James MacLaine & William Plunkett

"The Gentlemen Highwaymen"

There were some highwaymen who epitomised the devilish rogue of fiction and who captured the hearts and curiosity of the public. For example, the highway robber James MacLaine lived by day as a respectable gentleman in London’s St James’s, while his criminal accomplice, William Plunket, who was also presumed to be a gentleman, lived in nearby Jermyn Street. 
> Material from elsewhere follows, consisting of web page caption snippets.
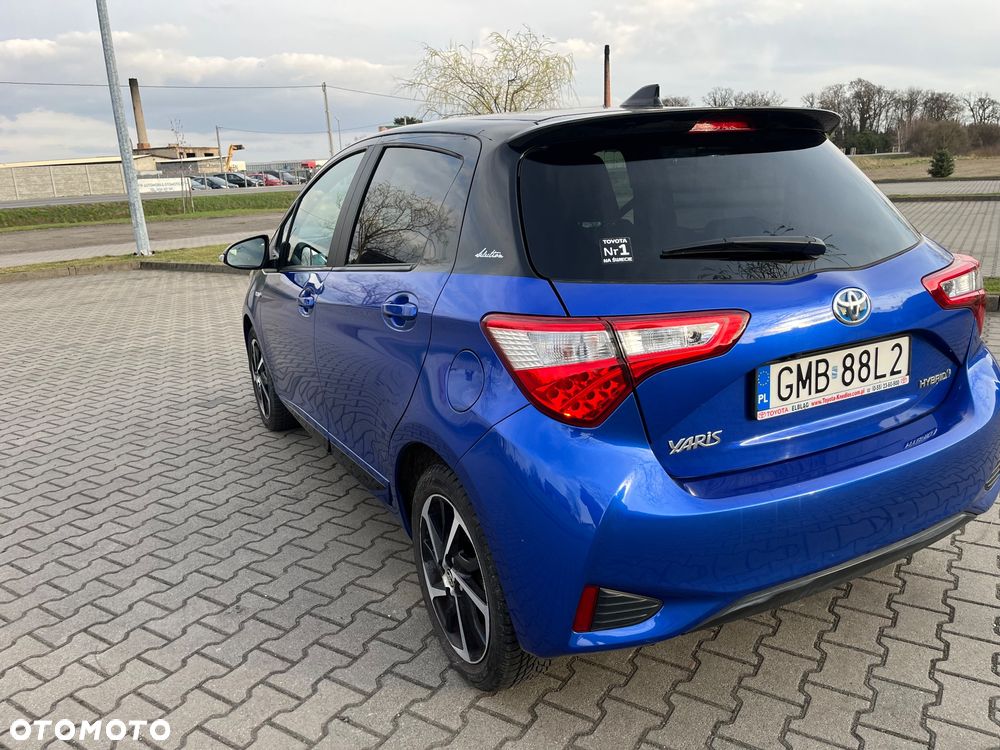 Toyota Yaris Hybrid 100 Selection - 25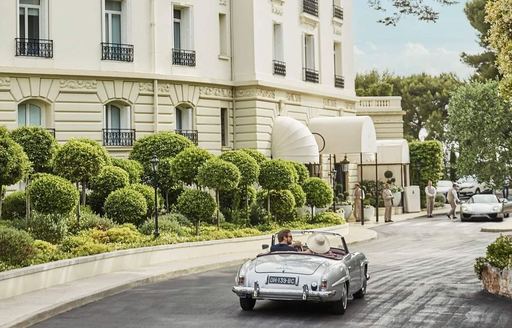 grand hotel cap ferrat entrance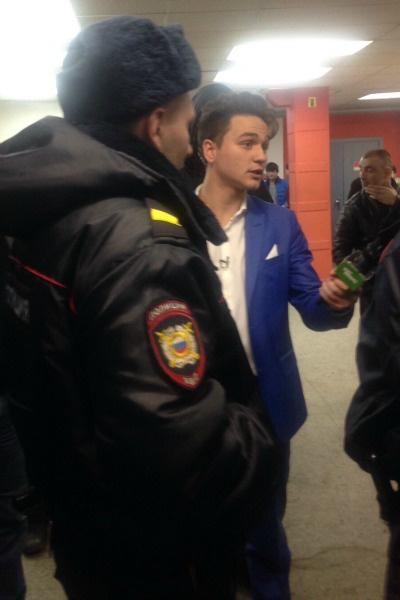 На съемочную группу напали с кулаками в универмаге Санкт-Петербурга На съемочную группу напали с кулаками в универмаге Санкт-Петербурга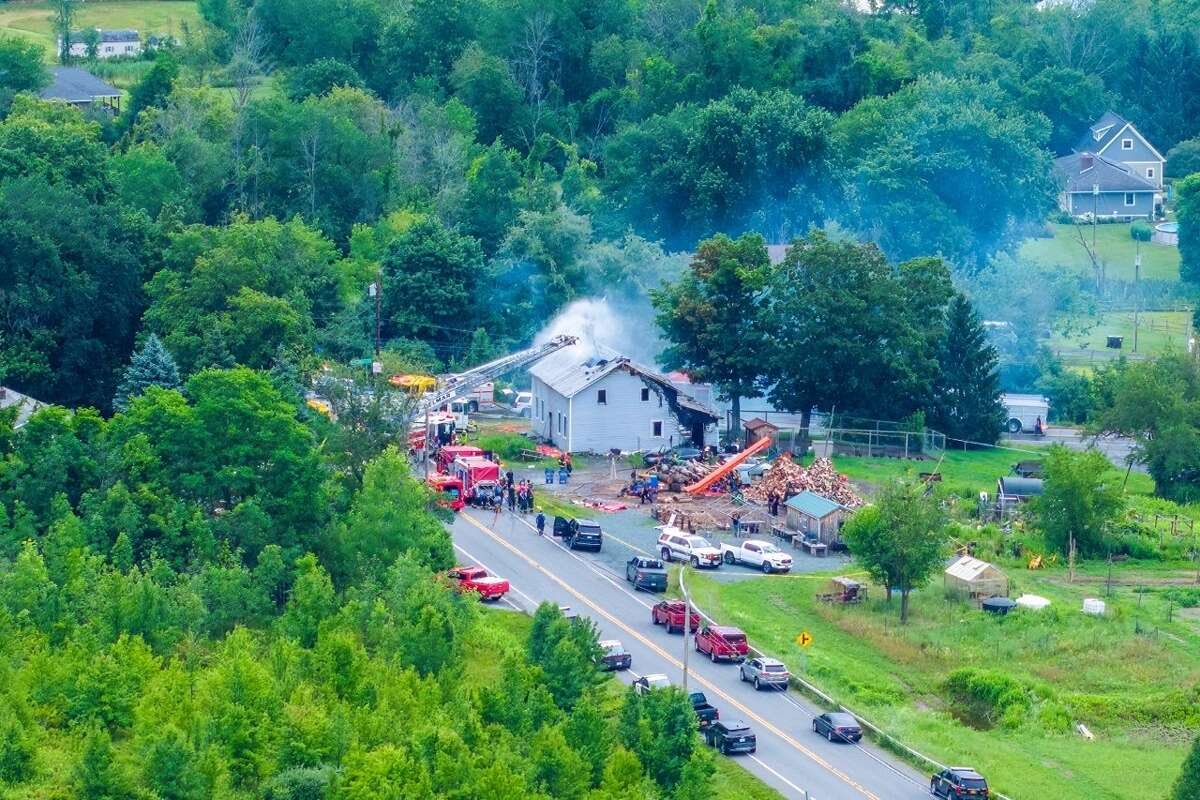 Trágico incendio en Nueva York dejó cuatro muertos, incluida una pequeña de cinco años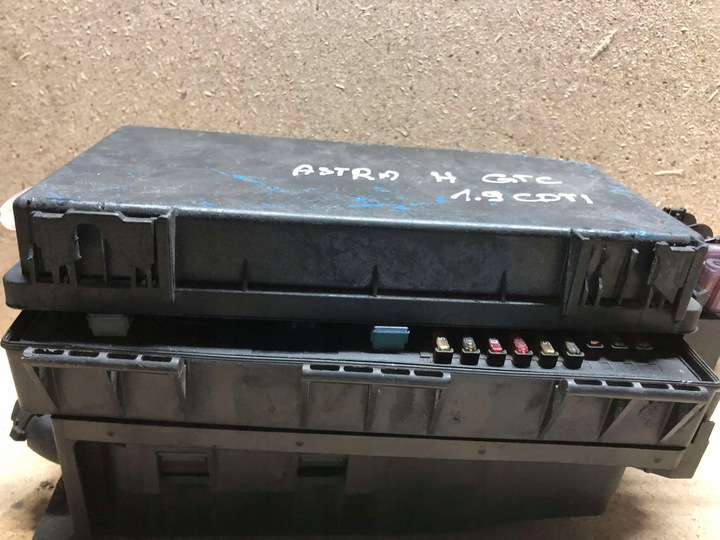 фото №5, Коробка запобіжників модуль uec astra h gtc iii 1.9cdti 13205784 5dk008668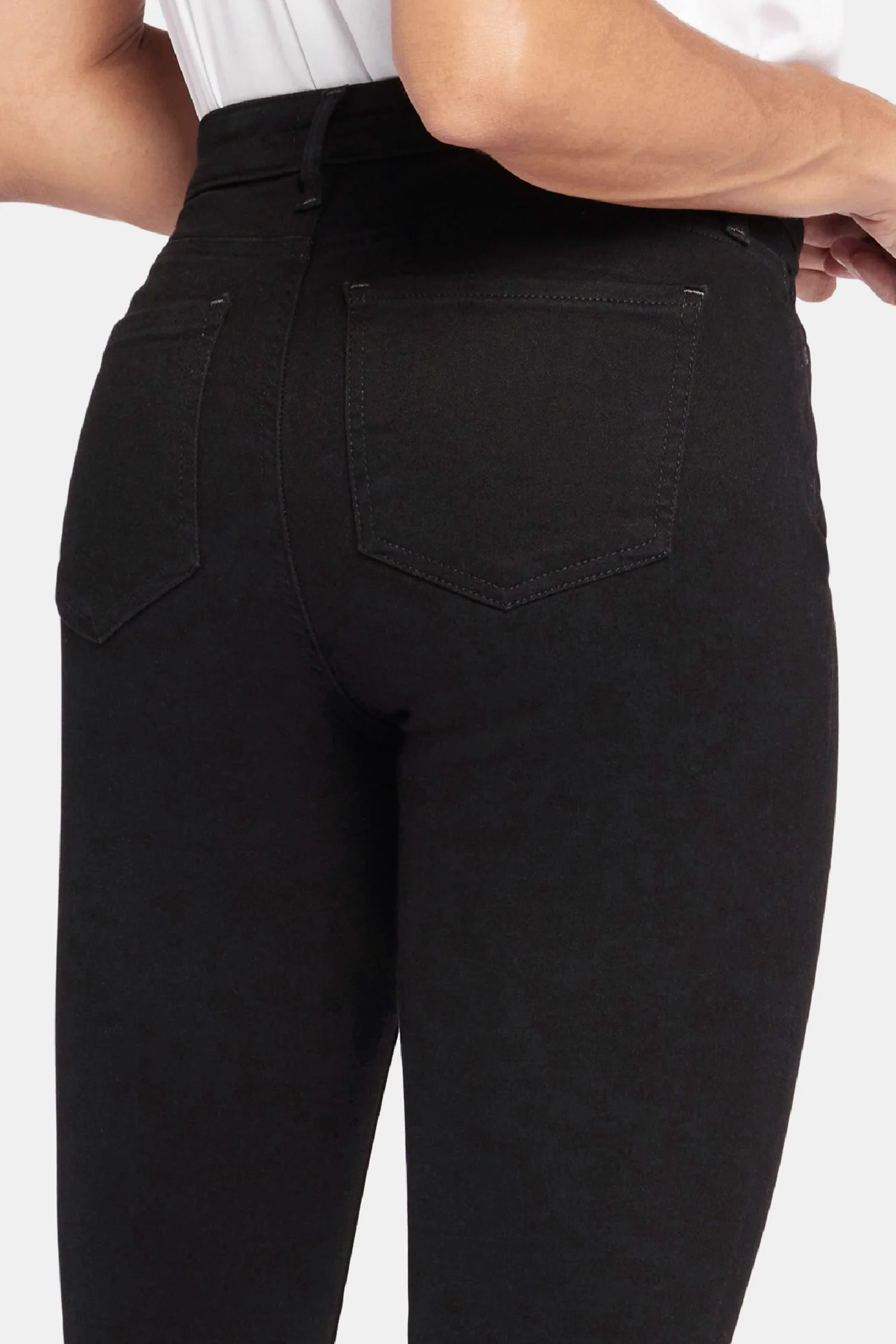 676-sheri-slim-jeans-black-1.webp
James MacLaine was born in 1724, the youngest of a Scottish Presbyterian minister in the north of Ireland. Educated for a career as a merchant, Maclaine took his fathers inheritance to Dublin where, aged 18, he blew the lot of foppish clothing, gambling and whores. Shunned by his family, he moved to England, married an innkeeper's daughter and set up store as a grocer. When his gambling ruined the business and his wife died, he struck up the famed criminal partnership with bankrupt apothecary owner Plunkett. With stolen pistols and horses, and their faces hidden by Venetian masks, the pair had a short but highly successful career as highwayman.
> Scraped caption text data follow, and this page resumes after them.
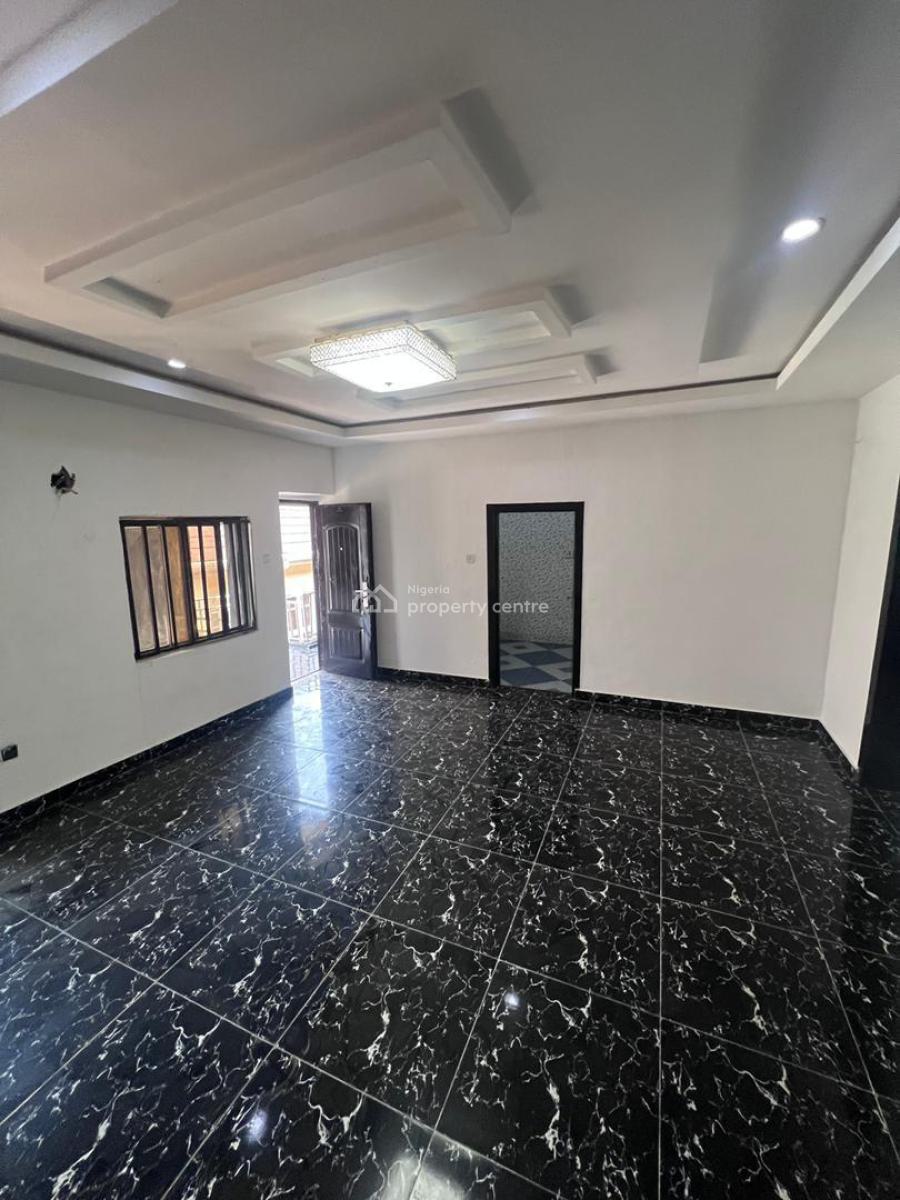 Nicely Built 3 Bedroom Flat, Lekki Phase 1, Lekki, Lagos, House for Rent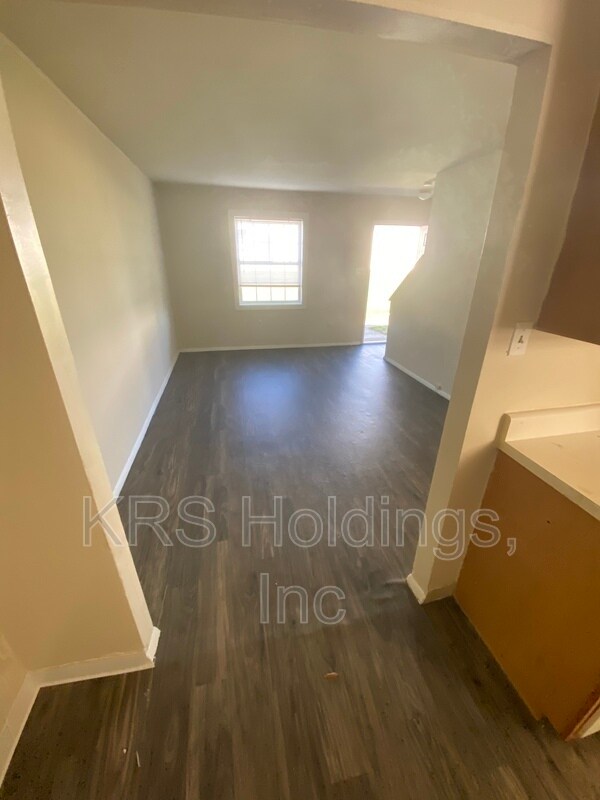Building Photo - 708 e 18th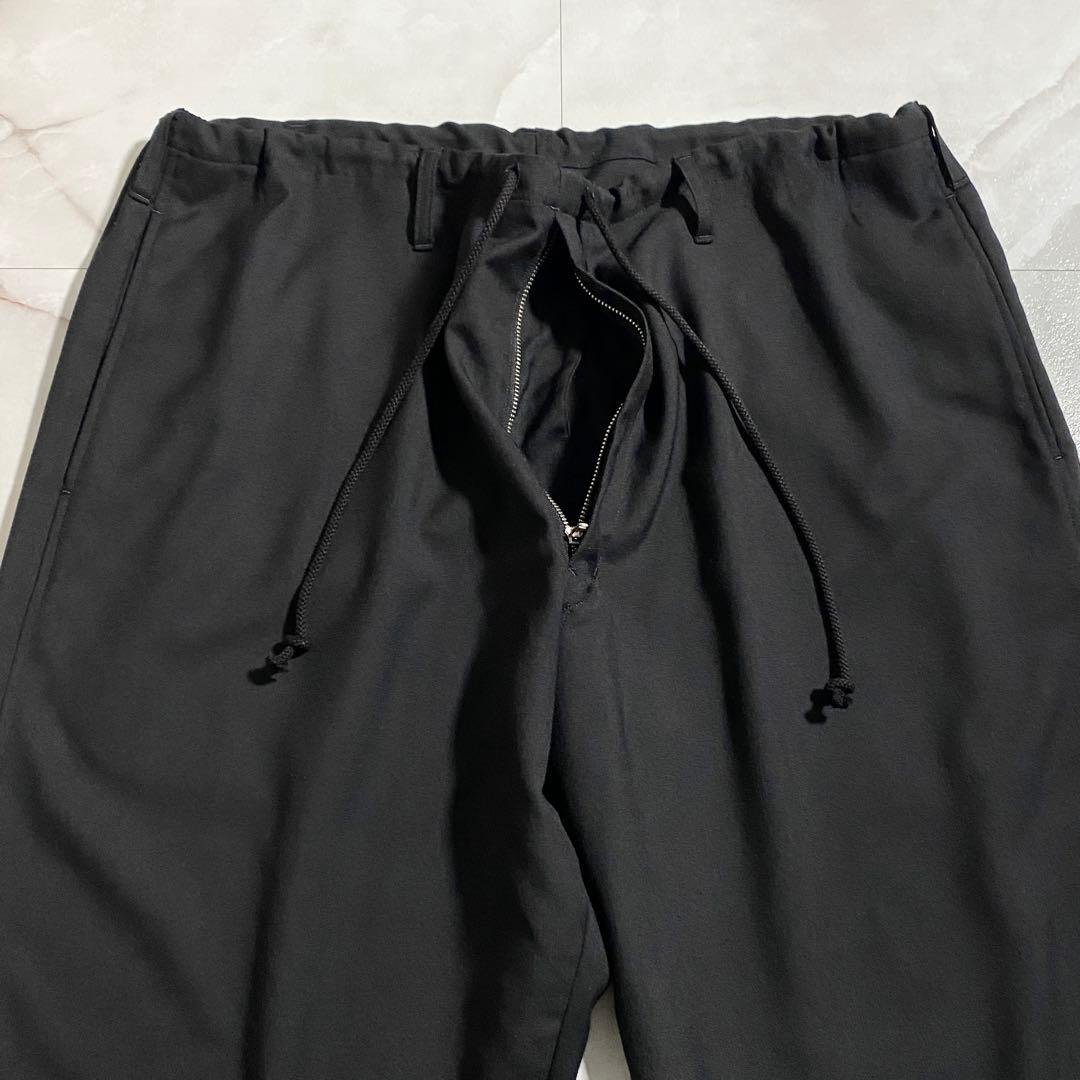 A18256 美品 グラウンドワイ 22AW ウールギャバ 紐ワイドパンツ 黒3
Despite rickety beginnings (Maclaine fled from their first robbery), the pair committed around 20 hold-ups during 6 months, often in the wilds of Hyde park. As a highwayman MacLaine listed Horace Walpole, Lord Elgington and Sir Thomas Robinson among his many wealthy victims. The robberies were always conducted in a restrained and courteous fashion, earning Maclaine the gentleman highwayman tag and giving him enough money to finally live the society lifestyle he'd always craved.

Maclaine was eventually arrested when he tried to pawn lord Elgington's distinctive coat (ripped off during a hold-up on Hounslow Heath). Such was his position among the fashionable glitterati that following his capture in 1750, his trial at the Old Bailey court was a social occasion, while he reputedly received nearly 3,000 guests during his imprisonment in Newgate prison. Reputedly a great many high-society ladies, such as Lady Caroline Petersham and Miss Ashe, clamoured for an audience with him in his cell. Despite calls for MacLaine to be saved from the gallows, he was hanged at Tyburn on 3rd October of 1750, as to have spared him could have been viewed as "setting a bad example". At his hanging he simply said "May god forgive my enemies and receive my soul". His accomplice Plunkett was smart enough to escape with both his money and his life.

Maclaine is widely accepted as the original model for Macheath the Knife, charming bigamist hero of John Gay's "The Beggar's Opera".